The strength of our study is the integrated data linkage between the HEMS documentation system, and other hospital medical records. The PAS extracts time of death from the Norwegian Cause of Death Registry daily, allowing us to include a large population with quality assured mortality data with a 3-year follow up. To the best of our knowledge, this is the first time a study describes the 3-year mortality in different NACA groups.

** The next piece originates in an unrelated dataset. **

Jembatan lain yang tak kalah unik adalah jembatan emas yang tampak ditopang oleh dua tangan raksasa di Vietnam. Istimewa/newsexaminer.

The limitations of our study are lack of information about cause of death, comorbidities, and certain hospital data. This decreases the validity of the long-term data, as we are unable to ensure a correlation between their contact with HEMS and cause of death. Moreover, only including data from one HEMS base limits the possibility to generalize our findings, thus limiting the external validity of the study. 82 patients were excluded from the study due to a non-valid connection to the Norwegian Cause of Death Registry. We found that among these are persons who were admitted to a hospital outside of the Central Norway Regional Health Authority and people without a Norwegian personal identification number (PIN). This would mostly be tourists and small children who have not yet received a PIN.

Future studies may want to include data on cause of death, in-hospital diagnosis, and other markers on quality of life, for instance welfare benefits, to investigate other long-term outcomes in each NACA group.

Conclusions

Among patients transported by Trondheim HEMS, we observed an incremental rise in mortality rates with increasing NACA scores. One year after the incident, the cumulative mortality rate in NACA group 3–6, nearly doubles with every increase in NACA score. The study further suggests that a one-year follow-up may be sufficient for future investigations into HEMS outcomes.